In an interview with CBS' 60 Minutes on Sunday night he said: "It's going to be hard for me as the President to give a lot of money to New York, because if you have a communist running New York, all you're doing is wasting the money you're sending there. So I don't know that he's won, and I'm not a fan of Cuomo one way or the other, but if it's going to be between a bad democrat and a communist, I'm going to pick that bad Democrat all the time to be honest with you".
And last night, President Trump formally abandoned the Republican candidate posting online that a vote for Sliwa was a vote for Mamdani, and urging Republicans to back the one time Democratic Party big wig.
Trump friendly Tesla billionaire Elon Musk also urged New Yorkers to vote for Cuomo.
It prompted this late night riposte from Mamdani: "Donald Trump just put out a statement encouraging New Yorkers, saying they must vote for Andrew Cuomo.
"We know and have known for months that Donald Trump would favour Andrew Cuomo as the mayor. They share the same donors. They share the same small vision. They share the same sense of impunity. And yet, in these final days, what was rumoured, what was feared has become naked and unabashed.
"The MAGA movement's embrace of Andrew Cuomo is reflective of Donald Trump's understanding that this would be the best mayor for him, not the best mayor for New York City, not the best mayor for New Yorkers, but the best mayor for Donald Trump in his administration."

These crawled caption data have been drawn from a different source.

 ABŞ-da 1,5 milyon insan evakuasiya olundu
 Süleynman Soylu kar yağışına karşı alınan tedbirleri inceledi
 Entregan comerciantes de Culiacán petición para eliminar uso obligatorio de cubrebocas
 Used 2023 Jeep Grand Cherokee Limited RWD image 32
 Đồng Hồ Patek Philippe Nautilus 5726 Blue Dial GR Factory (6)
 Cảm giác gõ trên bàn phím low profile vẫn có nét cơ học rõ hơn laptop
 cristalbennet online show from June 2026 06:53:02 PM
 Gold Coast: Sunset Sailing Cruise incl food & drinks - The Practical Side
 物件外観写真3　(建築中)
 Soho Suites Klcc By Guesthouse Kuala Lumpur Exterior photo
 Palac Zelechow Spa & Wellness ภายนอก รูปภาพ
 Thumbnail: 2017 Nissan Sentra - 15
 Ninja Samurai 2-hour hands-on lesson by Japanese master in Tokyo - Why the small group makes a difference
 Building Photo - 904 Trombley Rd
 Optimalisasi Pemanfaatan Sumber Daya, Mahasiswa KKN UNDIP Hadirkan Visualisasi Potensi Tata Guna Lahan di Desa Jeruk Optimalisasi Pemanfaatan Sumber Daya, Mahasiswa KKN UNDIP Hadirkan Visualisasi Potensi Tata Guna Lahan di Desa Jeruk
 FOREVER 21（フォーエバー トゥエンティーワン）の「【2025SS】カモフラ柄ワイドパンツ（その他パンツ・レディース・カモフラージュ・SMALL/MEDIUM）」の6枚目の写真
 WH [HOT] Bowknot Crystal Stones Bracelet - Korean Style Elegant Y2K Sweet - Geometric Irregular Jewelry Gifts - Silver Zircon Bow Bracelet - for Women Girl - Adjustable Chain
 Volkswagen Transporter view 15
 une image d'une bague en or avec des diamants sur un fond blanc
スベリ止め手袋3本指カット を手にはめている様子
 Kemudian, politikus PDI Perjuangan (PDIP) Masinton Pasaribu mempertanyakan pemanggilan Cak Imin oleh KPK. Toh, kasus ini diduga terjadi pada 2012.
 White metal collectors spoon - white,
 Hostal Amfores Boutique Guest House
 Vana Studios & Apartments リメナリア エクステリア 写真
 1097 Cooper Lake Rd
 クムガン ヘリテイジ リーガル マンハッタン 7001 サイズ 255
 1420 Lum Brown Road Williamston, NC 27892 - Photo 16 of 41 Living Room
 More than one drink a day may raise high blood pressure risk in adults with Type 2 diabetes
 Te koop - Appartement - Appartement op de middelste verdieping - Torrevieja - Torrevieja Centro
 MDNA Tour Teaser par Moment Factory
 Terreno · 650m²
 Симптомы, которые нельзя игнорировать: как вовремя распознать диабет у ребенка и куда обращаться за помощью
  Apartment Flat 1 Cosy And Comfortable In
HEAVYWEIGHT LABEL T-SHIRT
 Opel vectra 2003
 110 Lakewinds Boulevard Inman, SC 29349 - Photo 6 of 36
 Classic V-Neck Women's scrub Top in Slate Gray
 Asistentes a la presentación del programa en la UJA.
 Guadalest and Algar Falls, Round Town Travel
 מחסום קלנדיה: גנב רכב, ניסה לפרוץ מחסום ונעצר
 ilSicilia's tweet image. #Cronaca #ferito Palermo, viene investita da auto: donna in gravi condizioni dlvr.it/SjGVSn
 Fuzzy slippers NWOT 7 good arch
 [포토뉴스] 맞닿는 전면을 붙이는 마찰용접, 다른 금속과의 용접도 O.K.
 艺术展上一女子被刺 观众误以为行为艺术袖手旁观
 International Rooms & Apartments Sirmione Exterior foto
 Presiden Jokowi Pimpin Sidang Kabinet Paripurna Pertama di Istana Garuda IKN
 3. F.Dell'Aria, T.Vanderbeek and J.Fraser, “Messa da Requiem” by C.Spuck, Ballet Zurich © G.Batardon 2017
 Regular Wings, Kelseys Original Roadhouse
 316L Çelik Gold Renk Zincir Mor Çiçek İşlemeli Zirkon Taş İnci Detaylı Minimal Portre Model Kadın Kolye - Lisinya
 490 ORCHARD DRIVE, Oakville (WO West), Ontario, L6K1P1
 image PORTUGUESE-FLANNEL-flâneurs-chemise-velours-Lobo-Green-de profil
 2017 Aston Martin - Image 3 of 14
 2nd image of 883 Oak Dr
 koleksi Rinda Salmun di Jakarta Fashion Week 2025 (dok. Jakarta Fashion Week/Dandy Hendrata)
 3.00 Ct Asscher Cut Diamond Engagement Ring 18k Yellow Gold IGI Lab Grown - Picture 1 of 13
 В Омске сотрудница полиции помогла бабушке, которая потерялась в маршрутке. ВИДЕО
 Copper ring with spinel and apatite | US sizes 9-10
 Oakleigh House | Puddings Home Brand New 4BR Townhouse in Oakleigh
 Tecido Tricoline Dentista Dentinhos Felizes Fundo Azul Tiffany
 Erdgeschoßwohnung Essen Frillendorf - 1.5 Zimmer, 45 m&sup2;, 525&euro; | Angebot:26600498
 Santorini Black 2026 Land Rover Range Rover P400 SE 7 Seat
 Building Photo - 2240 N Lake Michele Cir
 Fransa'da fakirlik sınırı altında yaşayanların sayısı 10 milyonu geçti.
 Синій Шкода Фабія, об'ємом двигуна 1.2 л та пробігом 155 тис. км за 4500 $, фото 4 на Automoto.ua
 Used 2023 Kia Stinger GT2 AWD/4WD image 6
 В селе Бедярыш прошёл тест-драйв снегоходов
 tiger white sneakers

According to the latest RealClearPolitics polling average, Mamdani leads with a 45.8% share, holding a 14.7-point advantage over Cuomo who is on 31.1%, and a 28.5-point lead over Sliwa, who is on 17.3%.
Perhaps those poll numbers were behind Mamdani's confident tone last night:
"Donald Trump ran a presidential campaign with the promise of cheaper groceries. Donald Trump ran a presidential campaign committing to lowering the cost of living. What our success will show is that it is not enough to diagnose the despair in working class Americans lives. You have to actually deliver on the agenda. And that is what we intend to do each and every day while we are in office."
Rarely have municipal politics anywhere in the 21st century been this exhilarating, or attracted so much attention.
Early voting has seen four times the usual number of people cast their ballots: today is the full polling day, with results declared tonight.